The April date more or less tracks with how DC Universe handled its other animated project, Young Justice, which returned for half-seasons that would bookend a live-action series. Executive producers Patrick Schumacker and Justin Halpern went on DC Nation to discuss the upcoming season, which included teasing some story ideas as well as announcing the new casting.
In the show's second season, "Harley has a target on her back," Shchumacker explained. "The male supervillains from Batman's rogues gallery don't take too kindly to the ascendancy of the female super villain, and begin to conspire against her. I think that's about all we can say, but you will see a lot more villains from Gotham." He added that Catwoman will also be a recurring character, not just a one-and-done.
"We will dive into Harley's love life as well as Ivy's love life," Halpern added. "That will be a big part of the second season."
The role of Mister Freeze, which Molina will provide in the series, is one of the most tortured and relatable of Batman's villains -- something that Molina would likely compare to his take on Doc Ock.

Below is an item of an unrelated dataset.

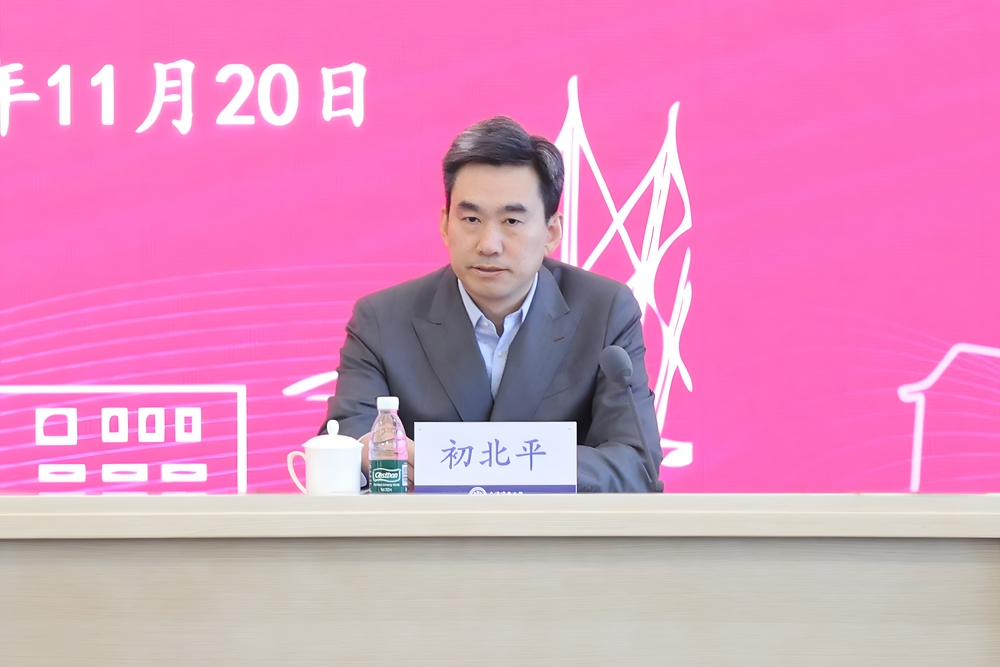 初北平校長講話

"The great trick in Spider Man 2 was the inhibitor chip which he loses, so he loses all his inhibitions," the actor once told ComicBook.com. "He loses all sense of what's right and what's wrong, and he just focuses on what he needs to do. That larger than life thing grew out of a very real situation, and I think that's why it was so satisfying, for audiences, because Doc Ock didn't exist just as a cartoonish character. He didn't suddenly just turn up with all the arms and start killing people and wreaking havoc. He grew into it, as it were, and we see the development. We were witnesses to his destiny, which kind of, I think, is what audiences really locked onto."